When a user signs in to Monday.com, the following happens:
- Monday.com → XFA → your IdP: Monday.com redirects the user to XFA, which immediately redirects to your identity provider (e.g. Google Workspace) to authenticate. The Entity ID configured in your IdP is the one for Monday.com — it identifies what the user is authenticating for.
- Your IdP → XFA: After authentication, the identity provider sends the user back to the ACS URL, which points to XFA instead of directly to Monday.com.
- XFA verifies the device: XFA checks the security posture of the device against your policy.
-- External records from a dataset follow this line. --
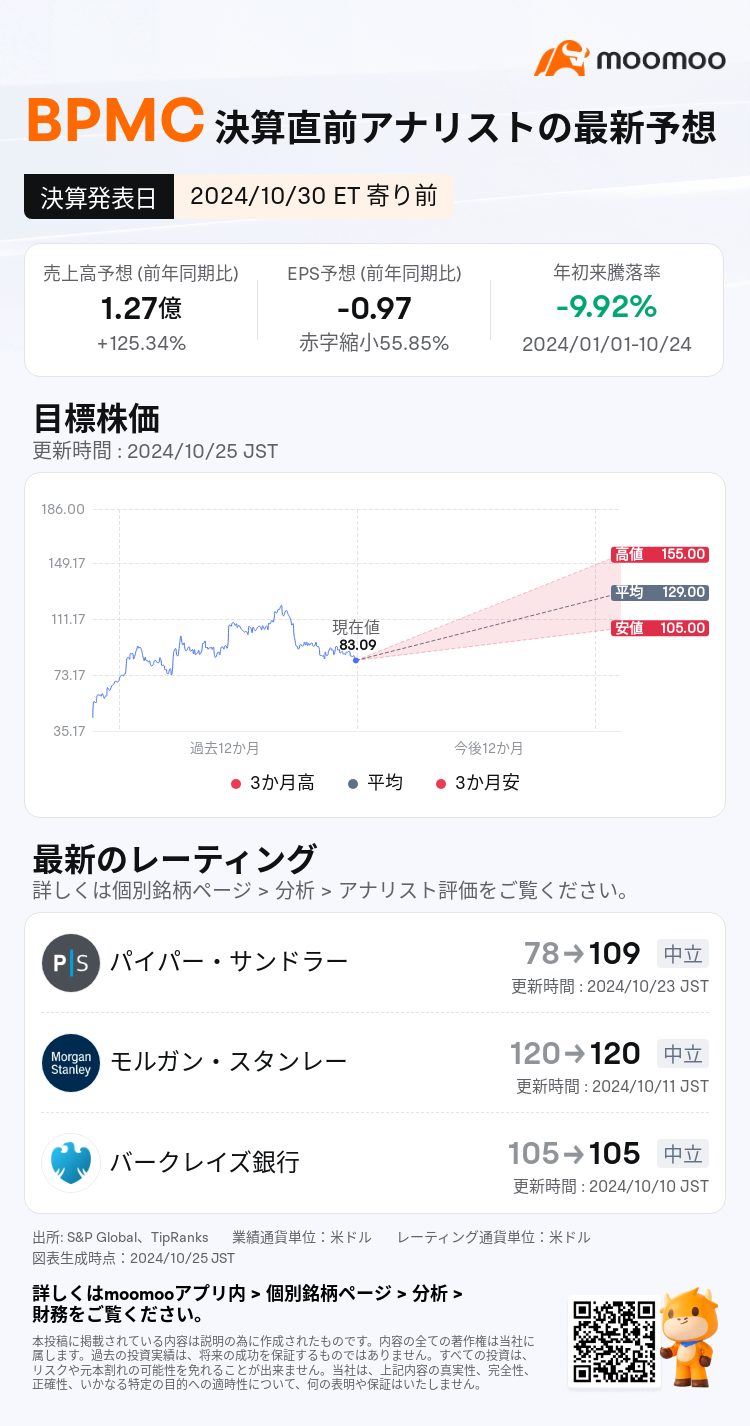 mm_stock_outlook_210941_2024Q3_1730295000_1_1729818036438_ja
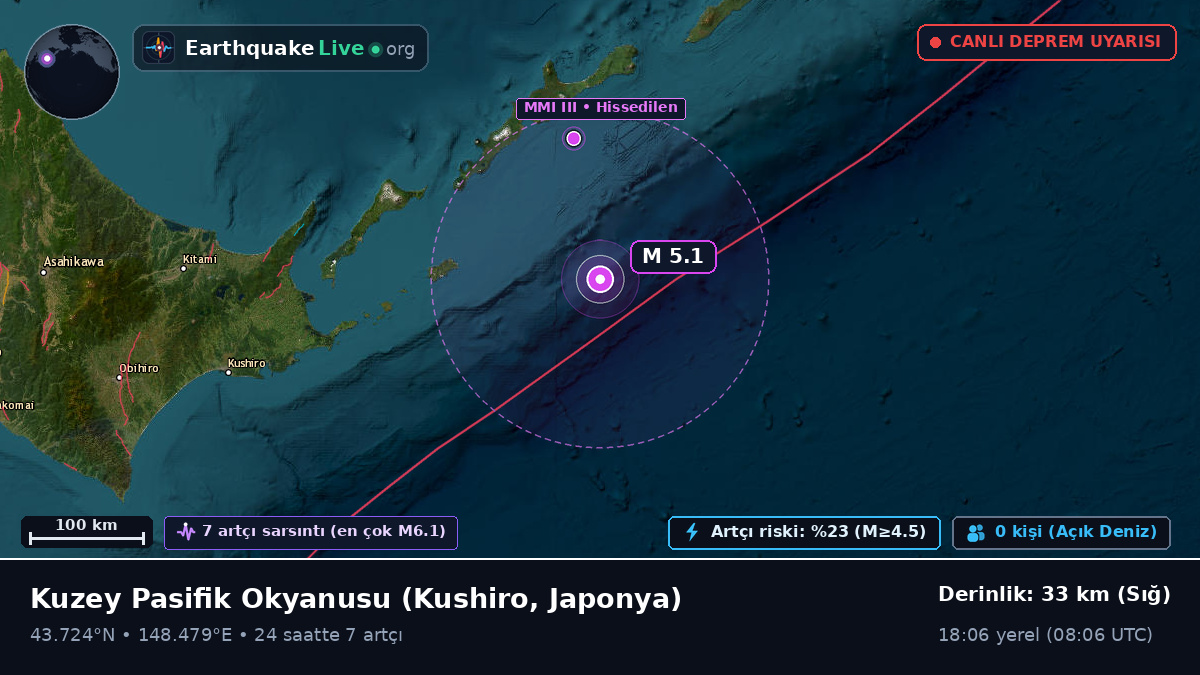 Kuzey Pasifik Okyanusu (Japonya)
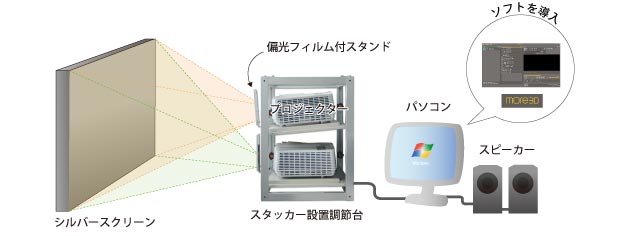 モアメディアエイチディー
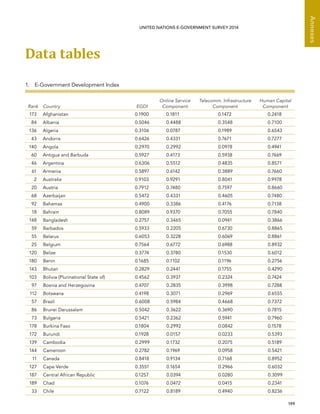   199 
Annexes
UNITED NATIONS E-GOVERNMENT SURVEY 2014
Data tables
1.  E-Government Development Index
Rank Country EGDI
Online Service
Component
Telecomm. Infra­structure
Component
Human Capital
Component
173 Afghanistan 0.1900 0.1811 0.1472 0.2418
84 Albania 0.5046 0.4488 0.3548 0.7100
136 Algeria 0.3106 0.0787 0.1989 0.6543
43 Andorra 0.6426 0.4331 0.7671 0.7277
140 Angola 0.2970 0.2992 0.0978 0.4941
60 Antigua and Barbuda 0.5927 0.4173 0.5938 0.7669
46 Argentina 0.6306 0.5512 0.4835 0.8571
61 Armenia 0.5897 0.6142 0.3889 0.7660
2 Australia 0.9103 0.9291 0.8041 0.9978
20 Austria 0.7912 0.7480 0.7597 0.8660
68 Azerbaijan 0.5472 0.4331 0.4605 0.7480
92 Bahamas 0.4900 0.3386 0.4176 0.7138
18 Bahrain 0.8089 0.9370 0.7055 0.7840
148 Bangladesh 0.2757 0.3465 0.0941 0.3866
59 Barbados 0.5933 0.2205 0.6730 0.8865
55 Belarus 0.6053 0.3228 0.6069 0.8861
25 Belgium 0.7564 0.6772 0.6988 0.8932
120 Belize 0.3774 0.3780 0.1530 0.6012
180 Benin 0.1685 0.1102 0.1196 0.2756
143 Bhutan 0.2829 0.2441 0.1755 0.4290
103 Bolivia (Plurinational State of) 0.4562 0.3937 0.2324 0.7424
97 Bosnia and Herzegovina 0.4707 0.2835 0.3998 0.7288
112 Botswana 0.4198 0.3071 0.2969 0.6555
57 Brazil 0.6008 0.5984 0.4668 0.7372
86 Brunei Darussalam 0.5042 0.3622 0.3690 0.7815
73 Bulgaria 0.5421 0.2362 0.5941 0.7960
178 Burkina Faso 0.1804 0.2992 0.0842 0.1578
172 Burundi 0.1928 0.0157 0.0233 0.5393
139 Cambodia 0.2999 0.1732 0.2075 0.5189
144 Cameroon 0.2782 0.1969 0.0958 0.5421
11 Canada 0.8418 0.9134 0.7168 0.8952
127 Cape Verde 0.3551 0.1654 0.2966 0.6032
187 Central African Republic 0.1257 0.0394 0.0280 0.3099
189 Chad 0.1076 0.0472 0.0415 0.2341
33 Chile 0.7122 0.8189 0.4940 0.8236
- XFA → Monday.com: If the device passes, XFA forwards the authentication to Monday.com using the application's real ACS URL and access is granted.
This guide will describe all steps needed to set this up.
Note: This article assumes that you have an account set up with XFA for your organization and your are an admin for that organization. If you do not have an account, you can create one at https://dashboard.xfa.tech/signup.
Configure Monday.com in your identity provider
Use our specific identity provider guides to learn how to setup an application with the provided settings.
Entity ID: https://<YOUR_MONDAY_DOMAIN>.monday.com/saml/saml_callback
ACS URL / Redirect URL: https://device-api.xfa.tech/saml2/consume
Signed Response: false
The ACS URL / Redirect URL is different than the standard Monday.com configuration
Creating an application in XFA
A guide on how to create an application in XFA can be found here.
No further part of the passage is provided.